As an adult, I got away from walking, turning into a running snob. Then, predictably, the knees gave out, and I went back to walking. Fortunately, a colleague introduced me to volksmarches or "people's walks," a sport service members brought back from Germany (www.ava.org is the place for info). The story is that volksmarching was created in response to increasing numbers of competitive events that could have only one winner. In volksmarching, the standard distance is 10K (about 6 miles), though shorter distances are available, and every finisher is a winner; I have boxes of patches, suncatchers, and other trinkets to prove it.
Over time, DH and I were drawn to longer walks in more exotic locations, and we discovered the International Marching League Walking Association, an umbrella organization for walking festivals around the world (www.imlwalking.org). DH calls it "volksmarching on steroids," since the minimum requirement for a stamp in the IMLWA passport is 2 days of walking 20K (a little over 12 miles) each day. In fact, our honeymoon was spent at the festivals in Wonju, Korea, and Hagashimatsuyama, Japan.
Most IMLWA events, though, offer longer distances up to 50K. The most strenuous walk we did was in Nijmegen, Netherlands: 4 days, 50K/day earned us the Queen's Medal. No need to prove anything to anybody after that, though we did return twice for shorter distances. Other places we've walked in this series include England, Ireland, Austria, Germany (many times), Italy, France, Spain, Switzerland, Netherlands, Canada, U.S., Taiwan, New Zealand, and Australia. In a couple of weeks we leave for Luxembourg's event to coincide with the 25th anniversary of the founding of the IMLWA. Looking forward to seeing this country neither of us has been to before.

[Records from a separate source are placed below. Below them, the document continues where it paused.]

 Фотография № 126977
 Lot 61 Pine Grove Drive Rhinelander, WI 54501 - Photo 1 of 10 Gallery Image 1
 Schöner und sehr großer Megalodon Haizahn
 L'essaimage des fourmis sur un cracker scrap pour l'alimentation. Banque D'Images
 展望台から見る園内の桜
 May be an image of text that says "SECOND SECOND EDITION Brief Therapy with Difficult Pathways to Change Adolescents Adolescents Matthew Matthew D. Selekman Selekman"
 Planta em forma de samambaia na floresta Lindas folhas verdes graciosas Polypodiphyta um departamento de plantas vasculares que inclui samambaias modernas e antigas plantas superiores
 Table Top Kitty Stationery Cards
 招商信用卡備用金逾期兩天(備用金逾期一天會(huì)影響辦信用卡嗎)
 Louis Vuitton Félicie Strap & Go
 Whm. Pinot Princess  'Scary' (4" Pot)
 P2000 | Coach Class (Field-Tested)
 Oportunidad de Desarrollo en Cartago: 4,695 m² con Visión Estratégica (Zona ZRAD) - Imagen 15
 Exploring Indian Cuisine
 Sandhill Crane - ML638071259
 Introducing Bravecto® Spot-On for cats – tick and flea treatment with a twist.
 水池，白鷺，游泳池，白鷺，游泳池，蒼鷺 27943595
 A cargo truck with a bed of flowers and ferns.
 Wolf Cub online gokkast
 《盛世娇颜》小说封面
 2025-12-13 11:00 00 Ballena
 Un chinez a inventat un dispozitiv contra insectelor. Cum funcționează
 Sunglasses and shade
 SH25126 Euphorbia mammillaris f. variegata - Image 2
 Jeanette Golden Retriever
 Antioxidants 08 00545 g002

When we return, it will be time to start preparing for the DC IMLWA event in October, the US FreedomWalk Festival (www.usfreedomwalk.org). DH liked the concept so much he founded this walk, the only one of the series still operating in North America, as the walks in Vancouver, WA, and Victoria, BC, have closed down. Seems on this continent, it's hard to attract walkers and volunteers for health-oriented, non-charity events. Too bad, but we'll keep walking for our health anyway.